[Image-text web data]
╔══

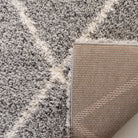 Fontana Shag  800  Rug Collection - FNT815G - SAFAVIEH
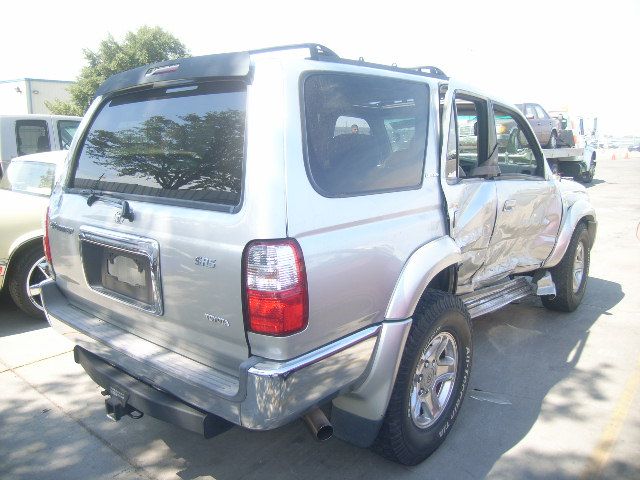 Used 2002 Toyota 4Runner Keys / Latches / Locks LH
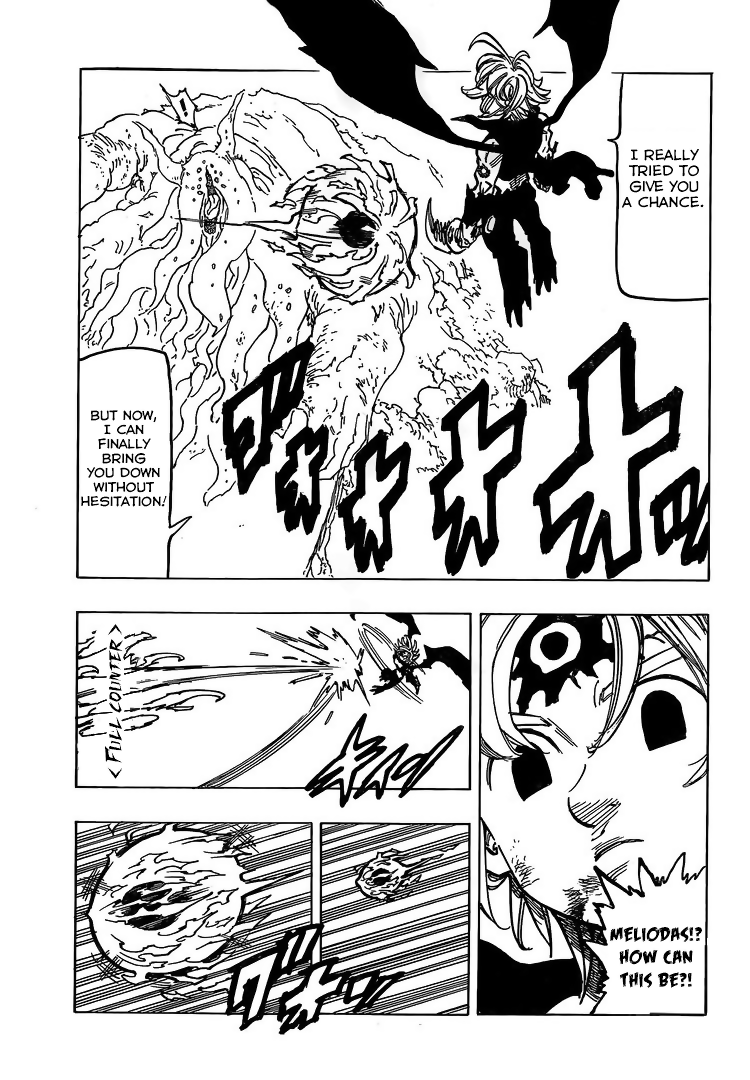 Nanatsu No Taizai - Chapter 331: A World Not Big Enough For The Both Of Us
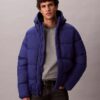 Veste matelassée à capuche Veste matelassée à capuche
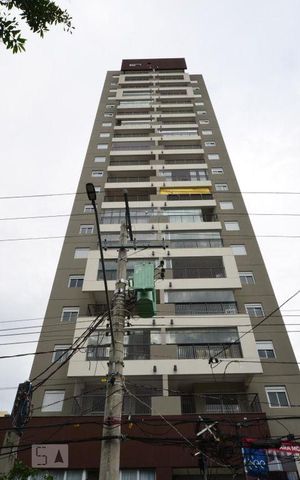 Apartamento à venda com 63m², 2 quartos e 1 vagaFachada do Prédio
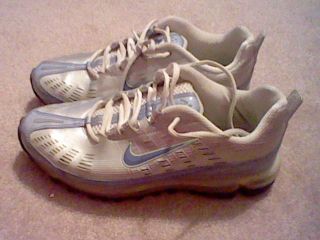 Girls Nike Air Max Athletic Shoes Size 6 Y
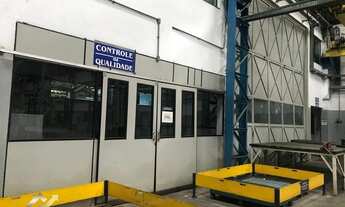 Imagem 4: Galpão para alugar, 4000 m² por R$ 95.000,00/mês - Parque São Vicente - Mauá/SP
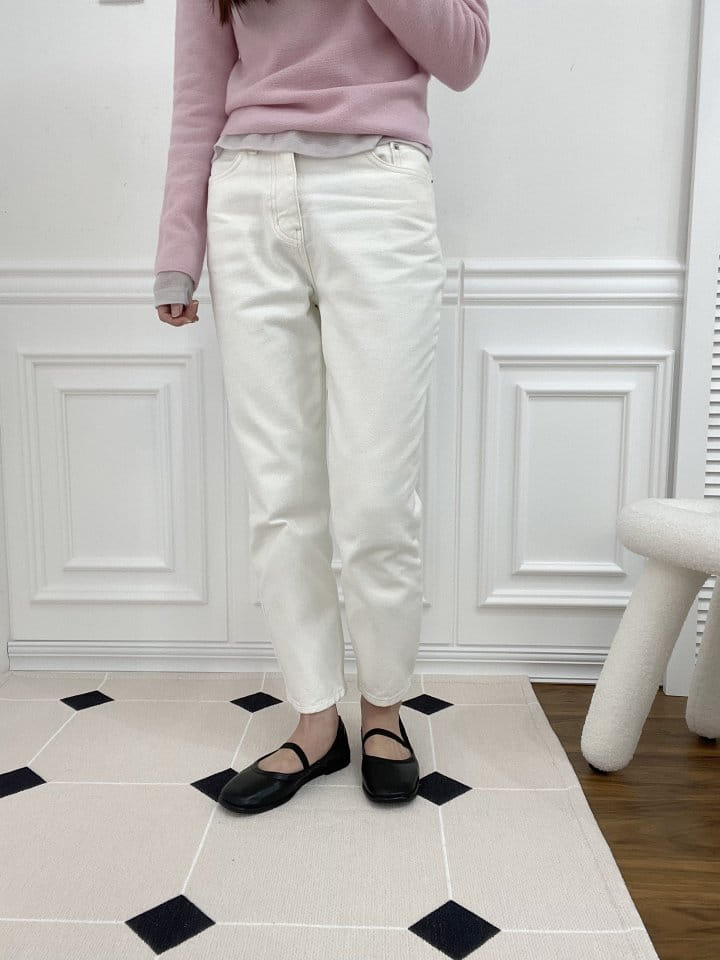 Golden Shoe - Korean Women Fashion - #momslook - 2165 Flats - 7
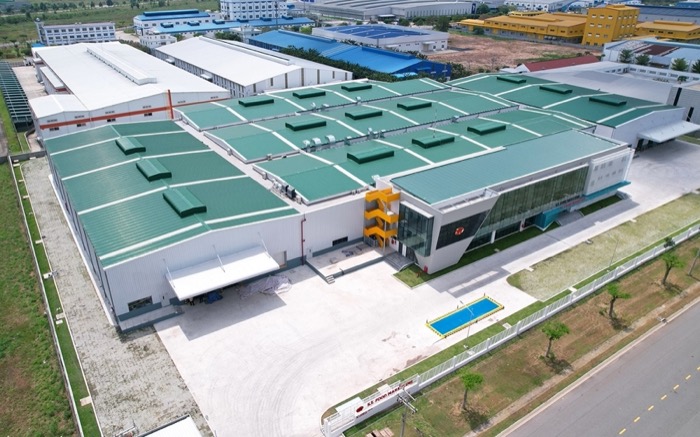 SNNP-Vietnam Factory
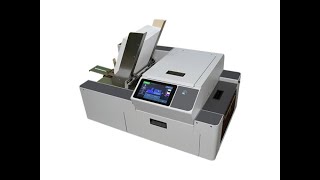 MACH 6 Digital Color Printer [upl. by Najram974]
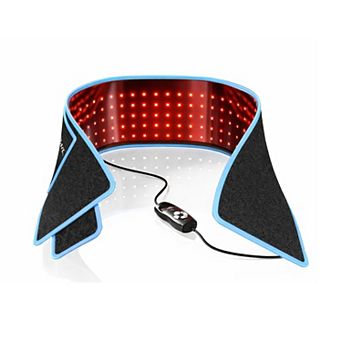 FullGlow Red Light & Infrared Therapy Back Wrap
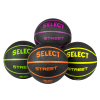 М’яч баскетбольний SELECT Street Basket Mini Yellow v24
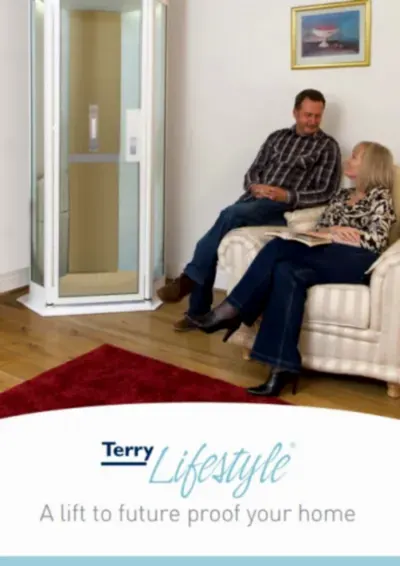 LifeStyle Ev Asansörü Kataloğu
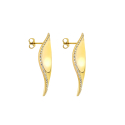 Breil Retwist TJ3918 Women's Earrings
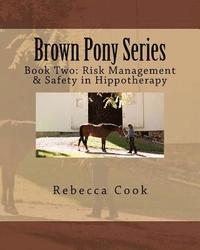 bokomslag Brown Pony Series: Book Two: Risk Management & Safety in Hippotherapy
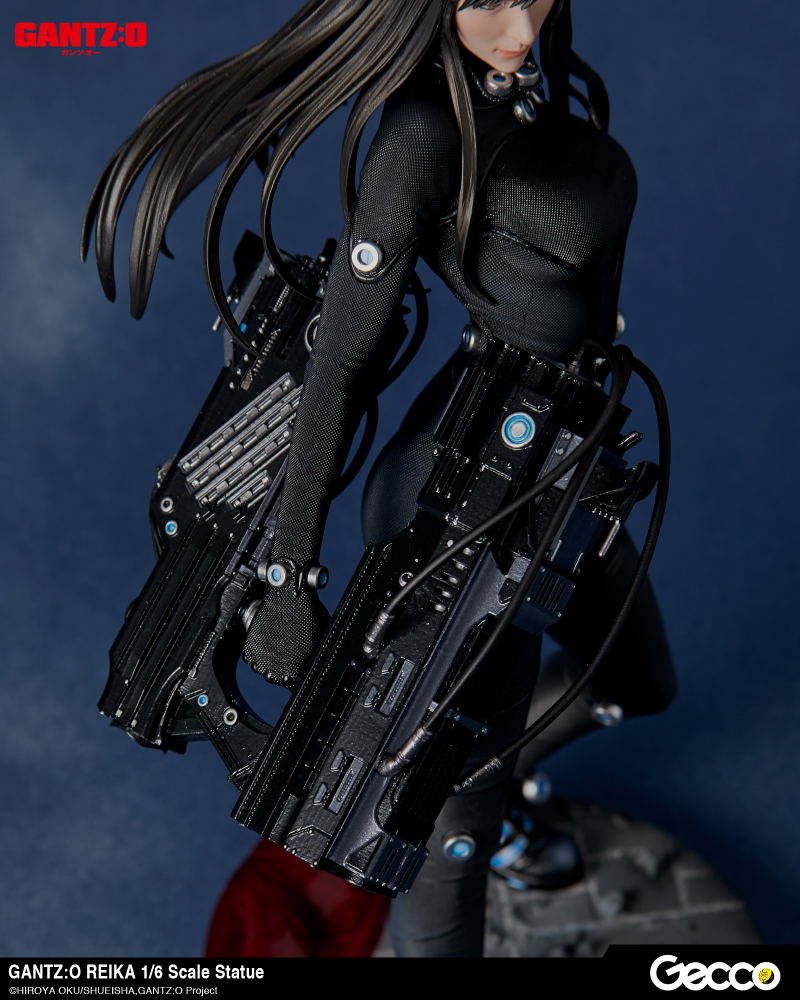 Gantz:O 1/6 Scale Statue: Reika image 19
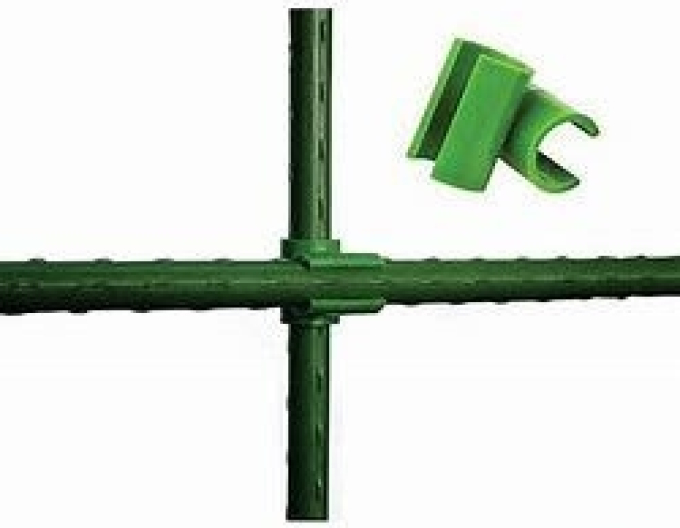 Verbindung für Gartestäbe 90` 11mm 10St.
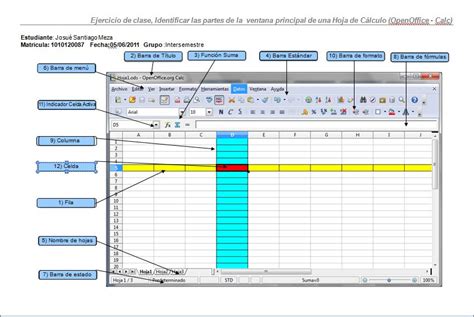 Plantillas Excel Hojas De Clculo Excel | Caroldoey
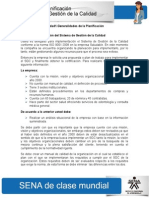 Actividad de Aprendizaje Actividad de Aprendizaje unidad 1 Generalidades de la PlanificacionUnidad 1 Generalidades de La Planificacion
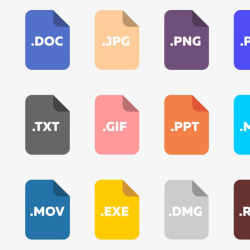 "Расширение файла - Что это и как быстро изменить?"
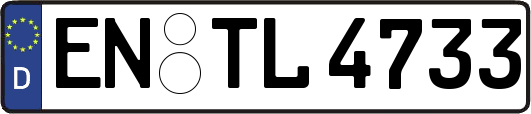 EN-TL4733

╚══

:: What is being asked ::
Copy the entries above faithfully and omit every image.

:: Exercise result ::
 Fontana Shag  800  Rug Collection - FNT815G - SAFAVIEH
 Used 2002 Toyota 4Runner Keys / Latches / Locks LH
 Nanatsu No Taizai - Chapter 331: A World Not Big Enough For The Both Of Us
 Veste matelassée à capuche Veste matelassée à capuche
 Apartamento à venda com 63m², 2 quartos e 1 vagaFachada do Prédio
 Girls Nike Air Max Athletic Shoes Size 6 Y
 Imagem 4: Galpão para alugar, 4000 m² por R$ 95.000,00/mês - Parque São Vicente - Mauá/SP
 Golden Shoe - Korean Women Fashion - #momslook - 2165 Flats - 7
 SNNP-Vietnam Factory
 MACH 6 Digital Color Printer [upl. by Najram974]
 FullGlow Red Light & Infrared Therapy Back Wrap
 М’яч баскетбольний SELECT Street Basket Mini Yellow v24
 LifeStyle Ev Asansörü Kataloğu
 Breil Retwist TJ3918 Women's Earrings
 bokomslag Brown Pony Series: Book Two: Risk Management & Safety in Hippotherapy
 Gantz:O 1/6 Scale Statue: Reika image 19
 Verbindung für Gartestäbe 90` 11mm 10St.
 Plantillas Excel Hojas De Clculo Excel | Caroldoey
 Actividad de Aprendizaje Actividad de Aprendizaje unidad 1 Generalidades de la PlanificacionUnidad 1 Generalidades de La Planificacion
 "Расширение файла - Что это и как быстро изменить?"
 EN-TL4733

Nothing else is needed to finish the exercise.